L’histoire du royaume a pu être reconstituée grâce notamment à des inscriptions en vieux-javanais, dans deux poèmes épiques, le Nagarakertagama (écrit en « vieux-javanais » en 1365 par le poète de cour Prapanca sous le règne de Hayam Wuruk) et le Pararaton ou Livre des Rois (écrit en « moyen-javanais », donc sans doute au XVIe siècle), et des annales chinoises, dont le Yuan Shi.

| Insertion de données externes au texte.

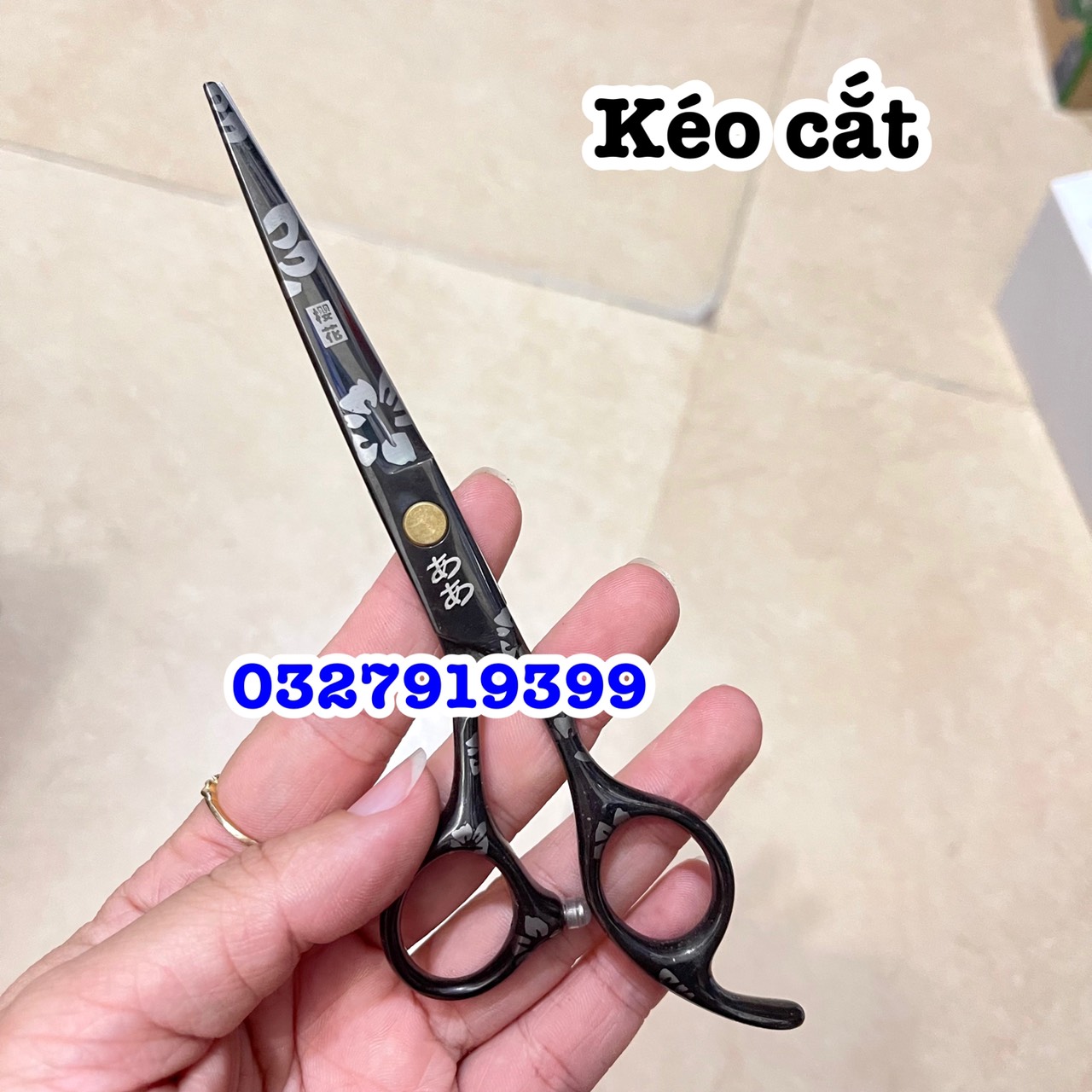 Bộ kéo cắt tỉa tóc Nhật 6.0 ( kéo hoa )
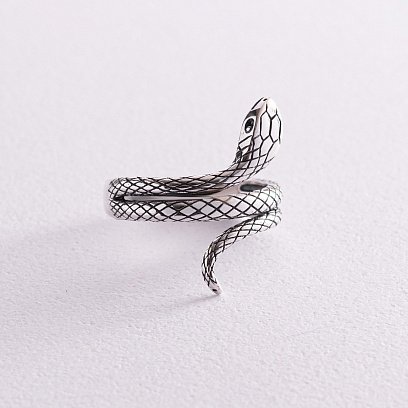 Срібна каблучка "Змія" 112613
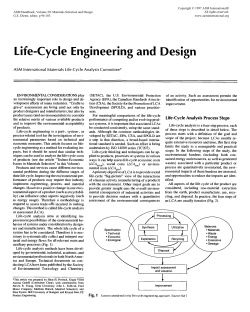 Life-Cycle Engineering and Design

Le Kidung Sunda, poème écrit en moyen-javanais, probablement au XVIe siècle et dont une copie a été retrouvée à Bali, raconte une histoire d'amour malheureux entre Hayam Wuruk et la princesse Dyah Pitaloka (encore appelée Citraresmi), fille du roi de Sunda. Ce poème ne peut être considéré comme une source historique, mais il montre qu'à l'époque, le nom de Majapahit était encore vivant dans les esprits.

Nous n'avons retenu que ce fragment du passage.